It’s a gleeful, visceral experience
The credits finish rolling and you see a blazing message across the screen: Ultra Force! You’re granted super powerful versions of all your characters that deal massive damage for a limited time. One Ultra Force member has the power of several characters combined, even being able to solo some bosses easily. It’s a gleeful, visceral experience that reaches its climax with an all-too-appropriate self-destruct explosion that wipes out any enemies foolish enough to be nearby.
The 7 Hour Review
After getting your fill of the main game you can start to tackle Super Hardcore Mode. This is undoubtedly the most challenging way to play Super Time Force Ultra. When a character dies you are prevented from selecting it again unless you perform a time rewind and rescue it. This completely eliminates the normal mode play style of treating your characters as sacrificial lambs. Brute force zerging strategies don’t work. It’s unforgiving, with pinpoint precise platforming and dead eye accurate shooting required to finish missions. Sometimes a bad mistake can destroy an entire mission’s progress. Getting your shield guy killed in an unreachable location can prove disastrous before large firefights. What’s more, using the awesomely powerful Ultra Force is a much riskier choice as it is impossible to save these characters from death (due to the self-destruct). You’re basically trading unmatched firepower with the permanent loss of a character for that mission. With extreme skill it’s still possible to complete missions with the loss of a few characters, but this mode demands the best execution you can muster. Super Hardcore is right.
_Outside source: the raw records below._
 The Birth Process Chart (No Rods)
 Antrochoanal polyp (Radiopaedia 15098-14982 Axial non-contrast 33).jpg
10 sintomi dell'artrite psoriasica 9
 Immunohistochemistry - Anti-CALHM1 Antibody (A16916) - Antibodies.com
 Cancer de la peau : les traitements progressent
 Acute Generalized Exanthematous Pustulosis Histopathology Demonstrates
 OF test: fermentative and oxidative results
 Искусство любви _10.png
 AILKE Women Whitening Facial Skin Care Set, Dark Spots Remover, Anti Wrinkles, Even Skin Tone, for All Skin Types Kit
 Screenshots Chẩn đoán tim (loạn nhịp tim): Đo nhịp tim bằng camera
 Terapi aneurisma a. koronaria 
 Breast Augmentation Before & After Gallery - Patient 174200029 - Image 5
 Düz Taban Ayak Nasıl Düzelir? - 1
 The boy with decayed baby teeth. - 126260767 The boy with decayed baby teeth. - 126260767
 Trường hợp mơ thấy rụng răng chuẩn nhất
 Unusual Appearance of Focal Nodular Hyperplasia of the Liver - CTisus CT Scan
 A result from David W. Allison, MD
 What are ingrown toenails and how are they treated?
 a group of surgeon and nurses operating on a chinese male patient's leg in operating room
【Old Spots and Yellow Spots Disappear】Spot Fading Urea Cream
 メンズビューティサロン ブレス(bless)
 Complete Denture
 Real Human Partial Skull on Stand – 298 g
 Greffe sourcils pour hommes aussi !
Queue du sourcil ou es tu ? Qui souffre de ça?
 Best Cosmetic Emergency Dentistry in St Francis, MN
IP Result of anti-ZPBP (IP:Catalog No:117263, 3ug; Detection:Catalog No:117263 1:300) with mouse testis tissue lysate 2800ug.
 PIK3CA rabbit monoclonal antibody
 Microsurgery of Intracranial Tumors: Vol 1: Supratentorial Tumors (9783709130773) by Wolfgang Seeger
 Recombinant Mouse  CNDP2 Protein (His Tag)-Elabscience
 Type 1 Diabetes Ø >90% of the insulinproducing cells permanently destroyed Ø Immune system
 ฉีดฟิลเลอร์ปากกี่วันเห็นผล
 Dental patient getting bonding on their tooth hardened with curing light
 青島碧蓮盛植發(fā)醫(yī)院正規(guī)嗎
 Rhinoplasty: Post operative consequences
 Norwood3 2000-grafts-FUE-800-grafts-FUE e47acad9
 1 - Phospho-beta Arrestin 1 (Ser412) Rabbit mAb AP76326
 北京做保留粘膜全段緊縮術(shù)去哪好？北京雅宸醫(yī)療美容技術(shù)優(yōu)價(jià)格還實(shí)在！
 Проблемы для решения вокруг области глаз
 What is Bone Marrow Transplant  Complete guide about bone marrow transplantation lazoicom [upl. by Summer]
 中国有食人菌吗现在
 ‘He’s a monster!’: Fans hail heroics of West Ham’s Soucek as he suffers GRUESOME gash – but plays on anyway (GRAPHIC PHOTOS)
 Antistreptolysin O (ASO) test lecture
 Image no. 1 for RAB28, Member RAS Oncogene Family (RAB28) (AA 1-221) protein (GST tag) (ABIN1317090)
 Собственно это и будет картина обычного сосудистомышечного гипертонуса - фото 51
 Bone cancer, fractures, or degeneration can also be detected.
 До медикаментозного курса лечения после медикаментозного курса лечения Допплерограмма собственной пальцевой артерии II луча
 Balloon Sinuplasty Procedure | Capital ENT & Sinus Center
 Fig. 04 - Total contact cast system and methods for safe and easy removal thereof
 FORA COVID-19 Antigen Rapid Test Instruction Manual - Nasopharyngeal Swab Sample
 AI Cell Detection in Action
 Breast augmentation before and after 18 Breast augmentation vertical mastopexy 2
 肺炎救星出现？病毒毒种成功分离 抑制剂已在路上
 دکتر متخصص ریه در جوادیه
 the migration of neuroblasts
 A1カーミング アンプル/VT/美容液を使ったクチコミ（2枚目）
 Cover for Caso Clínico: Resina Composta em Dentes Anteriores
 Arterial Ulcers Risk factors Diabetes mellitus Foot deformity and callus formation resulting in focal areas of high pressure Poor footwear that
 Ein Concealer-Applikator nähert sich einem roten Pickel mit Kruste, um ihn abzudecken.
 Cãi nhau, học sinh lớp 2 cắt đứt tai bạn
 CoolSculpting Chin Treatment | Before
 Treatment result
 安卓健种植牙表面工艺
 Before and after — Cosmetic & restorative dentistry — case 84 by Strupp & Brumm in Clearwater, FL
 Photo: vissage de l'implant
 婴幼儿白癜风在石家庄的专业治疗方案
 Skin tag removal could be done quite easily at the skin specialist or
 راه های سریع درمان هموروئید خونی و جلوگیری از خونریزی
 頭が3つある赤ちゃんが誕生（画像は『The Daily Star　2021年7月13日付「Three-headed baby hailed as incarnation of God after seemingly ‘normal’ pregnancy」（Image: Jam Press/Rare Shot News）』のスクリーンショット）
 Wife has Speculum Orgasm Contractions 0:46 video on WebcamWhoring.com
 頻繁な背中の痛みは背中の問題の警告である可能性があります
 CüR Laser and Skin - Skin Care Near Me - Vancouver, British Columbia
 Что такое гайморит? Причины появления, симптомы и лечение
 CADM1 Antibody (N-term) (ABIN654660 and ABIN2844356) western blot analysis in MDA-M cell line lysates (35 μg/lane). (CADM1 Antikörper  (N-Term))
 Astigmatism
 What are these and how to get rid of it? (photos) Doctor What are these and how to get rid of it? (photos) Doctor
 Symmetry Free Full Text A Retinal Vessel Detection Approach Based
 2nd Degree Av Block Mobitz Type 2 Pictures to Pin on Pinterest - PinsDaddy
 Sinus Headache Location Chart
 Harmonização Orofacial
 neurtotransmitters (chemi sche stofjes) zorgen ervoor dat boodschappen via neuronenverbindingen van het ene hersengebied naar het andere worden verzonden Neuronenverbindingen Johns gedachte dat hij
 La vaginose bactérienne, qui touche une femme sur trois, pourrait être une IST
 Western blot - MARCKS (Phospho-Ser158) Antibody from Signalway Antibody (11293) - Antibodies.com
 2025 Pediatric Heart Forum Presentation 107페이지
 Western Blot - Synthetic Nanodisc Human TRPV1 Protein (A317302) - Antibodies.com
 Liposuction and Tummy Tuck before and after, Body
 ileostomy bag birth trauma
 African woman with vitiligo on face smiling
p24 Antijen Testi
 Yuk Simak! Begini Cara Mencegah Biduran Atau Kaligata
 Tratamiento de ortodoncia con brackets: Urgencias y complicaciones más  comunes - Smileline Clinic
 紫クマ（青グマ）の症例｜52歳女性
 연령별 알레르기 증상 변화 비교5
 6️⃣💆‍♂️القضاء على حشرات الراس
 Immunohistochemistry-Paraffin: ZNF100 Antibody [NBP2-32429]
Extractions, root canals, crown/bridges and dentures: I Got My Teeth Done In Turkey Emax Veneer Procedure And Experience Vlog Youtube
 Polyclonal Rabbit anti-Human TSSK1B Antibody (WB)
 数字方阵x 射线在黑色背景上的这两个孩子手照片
If you want to take a break from Super Hardcore Mode, you can check out the Helladeck. Inside is an assortment of challenge levels with a restricted number of time outs and character choices. It’s a good way to change up the gameplay as the Helladeck levels feel more like puzzles. Instead of simply blasting your way through missions you actually have to bend time to reach several checkpoints. These are usually hidden across deadly obstacles, behind switch-controlled doors, and guarded by moving enemies. It’s a fun alternative to replaying the main missions over and over, but the Helladeck levels themselves have no replay value once you complete them.
Super Time Force Ultra is a real treat from start to finish. The gameplay never evolves beyond what’s presented to you in the early game, but that’s not a bad thing. It’s a well-designed, thoroughly enjoyable romp that epitomizes what being a video game is all about. If a sequel was made that expanded even further on its concepts it just might be one of the best side scrolling shooters ever.